Los príncipes rodearon al virrey para la foto oficial. Los más importantes estaban sentados en sillones dorados, y los de menor categoría tras ellos, en un banco. El príncipe Adhir se había situado a la derecha del virrey. Mientras los acomodaban, los príncipes intercambiaron algunas palabras cohibidas, hasta que el fotógrafo dio la señal; entonces, obedientes, pusieron fin a sus conversaciones y miraron a la cámara. Después de un fogonazo de bombillas que dejó constancia de la imagen para la posteridad, por fin quedaron libres.

El príncipe heredero Adhir pareció reconocer a Surrender-not. Se acercó tras desembarazarse del marajá con el que estaba conversando, en cuyo orondo cuerpo se distribuía todo el contenido de una caja fuerte, y de cuyo hombro colgaba una piel de tigre. Para ser indio, el príncipe era alto y de tez clara, con un porte de oficial de caballería o jugador de polo. Vestía con bastante sencillez, al menos en comparación con los otros que lo rodeaban: una túnica azul claro con botones de diamante, una faja dorada, pantalones blancos de seda y zapatos ingleses negros, muy lustrosos. Un broche con incrustaciones de esmeraldas y un zafiro del tamaño de un huevo de ganso le sujetaba el turbante a la cabeza.

Según lord Taggart, el padre del príncipe, el marajá, era el quinto hombre más rico de la India y, como sabía todo el mundo, el más rico de la India también lo era del mundo.

Una sonrisa asomó a su rostro al aproximarse a nosotros.

—¡Bunty Banerjee! —exclamó con los brazos abiertos—. ¿Cuánto tiempo hacía que no nos veíamos?

«Bunty.» Nunca había oído llamar así a Surrender-not, y eso que compartíamos piso desde hacía un año. Ese nom de guerre lo había mantenido en secreto, y no podía reprochárselo: si a alguien en el colegio le hubiese dado por apodarme Bunty, yo tampoco lo habría ido pregonando. Claro que tampoco Surrender-not era su auténtico nombre: se lo había asignado un compañero en la época de su ingreso en la Policía Imperial. El que le habían puesto sus padres era Surendranath, que significaba «rey de los dioses», y que a mí se me seguía resistiendo un poco, aunque me acercara bastante a la pronunciación correcta en bengalí. Según él, no era culpa mía, sino de que el inglés no contenía las consonantes necesarias: por lo visto faltaba una «d» blanda. A decir de Surrender-not, era una de las muchas carencias de la lengua inglesa.
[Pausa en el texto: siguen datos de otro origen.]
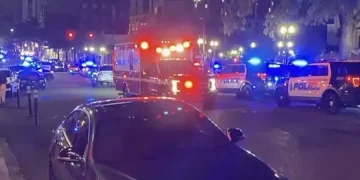 La policía busca a los sospechosos del  sospechososen Alabama que dejó cuatro muertos y 17 heridos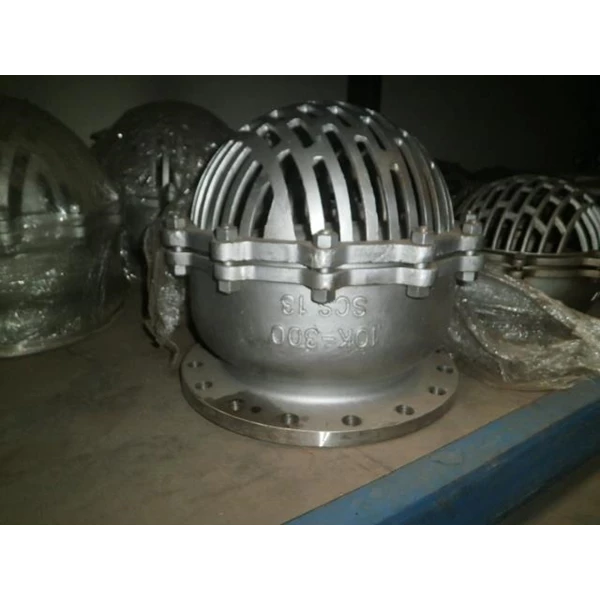 FOOT VALVE STAINLESS  TYPE FLANGE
—Es un honor volver a verle, alteza —dijo con una pequeña inclinación de cabeza.

El príncipe puso cara de consternación, como tienen por costumbre muchos aristócratas cuando fingen querer que los trates como a personas normales.

—Vamos, Bunty, yo creo que podemos dejar a un lado esas formalidades. ¿Quién te acompaña? —preguntó al tiempo que me tendía una mano cubierta de piedras preciosas.

—Permítame presentarle al capitán Wyndham —dijo Banerjee—, que ha trabajado en Scotland Yard.